Congress Speaks to Require a Product Exclusion Process for List 3
Congress, in its Joint Explanatory Statement (JES) that accompanied the legislation signed today by President Trump to fund the government, has voiced its intention that the United States Trade Representative (USTR) implement a product exclusion process for products on List 3 of the Section 301 duties intended to retaliate against China’s unfair trade practices. In its JES, Congress requires USTR to initiate the exclusion process by March 17, 2019, “following the same procedures as those in [Lists 1 and 2] ....”
Importantly, the JES is not part of the bill signed by the president, and the language requiring USTR to implement the exclusion process for List 3 products is not in the final text of the bill. As such, the language in the JES is not binding. However, the JES is informative as it explains the intent of the House and Senate Conference Committee on a particular aspect of a bill. Therefore, as Congress has voiced its intention that there be an exclusion process for List 3 products, Congress believes that USTR will implement an exclusion process similar to that for Lists 1 and 2. We will be closely monitoring this development over the next few weeks and issue an alert as soon as new information emerges.
In the event that USTR does implement an exclusion request process for List 3, as with Lists 1 and 2, USTR is likely to require parties requesting an exclusion to identify whether 1) the product is only available in China; 2) imposition of these additional duties would cause severe economic harm to the requestor or other U.S. interests; and 3) the product is strategically important or related to the “Made in China 2025” policy. Further, USTR would likely seek the following information for any exclusion request:
Identification of the particular product as defined by its physical characteristics that distinguish it from other products within the covered eight-digit HTSUS subheading.
The 10-digit subheading of the HTSUS that is being requested to be excluded.
The annual quantity and value of the Chinese-origin product that the requester purchased in each of the last three years.
Information on the ability of U.S. Customs and Border Protection to enforce the exclusion.

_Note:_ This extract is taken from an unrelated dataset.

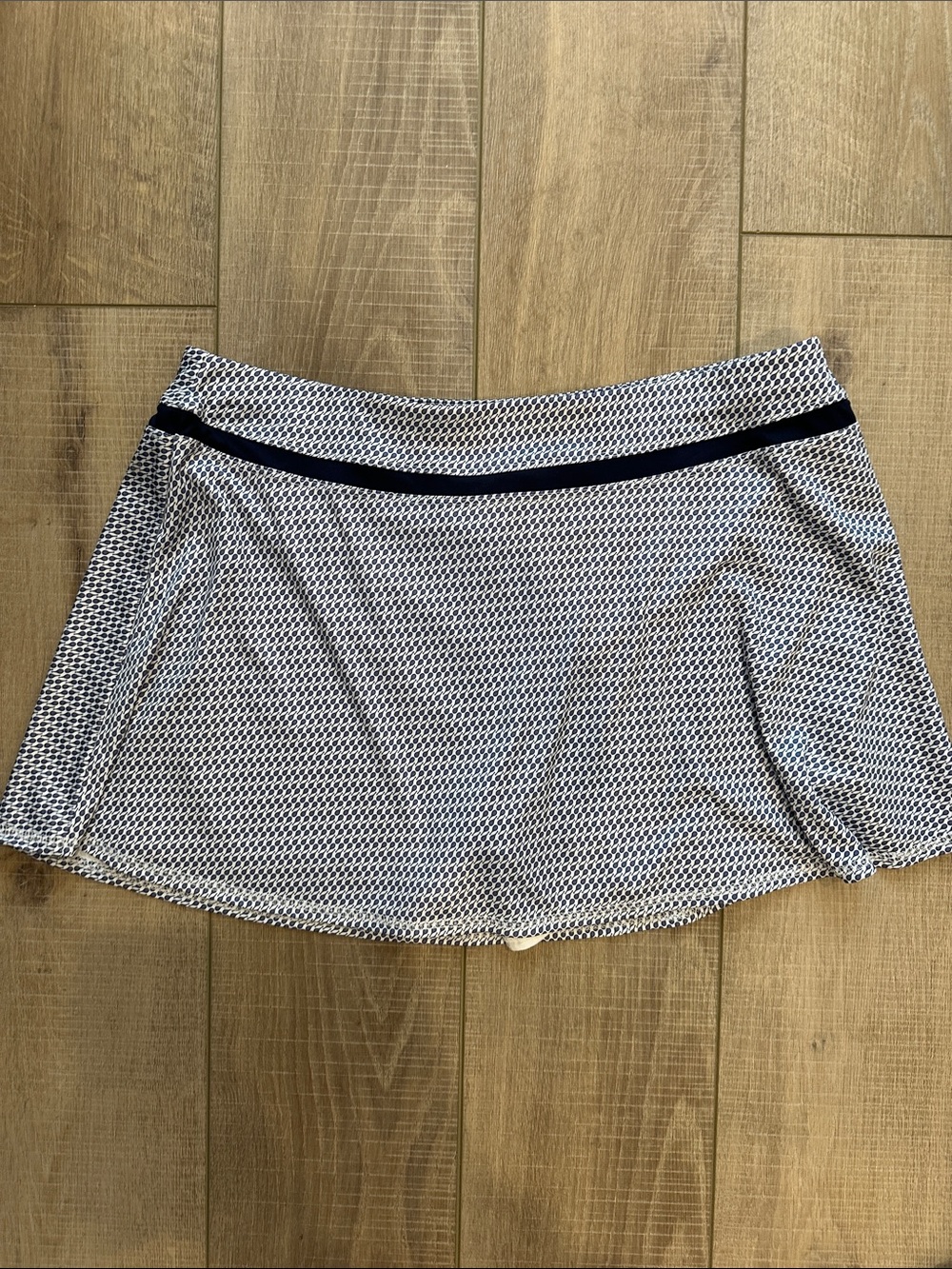 Grand Slam White Skort with Navy Tennis Racket Print Waistband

List 3 includes duties on approximately $200 billion of imports from China, impacting a large number of importers and other stakeholders who would be eligible to request exclusions of their products. Further, assuming that USTR will shortly implement an exclusion process for List 3 imports, it is important that potential requestors immediately begin analyzing available support, sourcing options, and gathering pertinent information to support an exclusion request.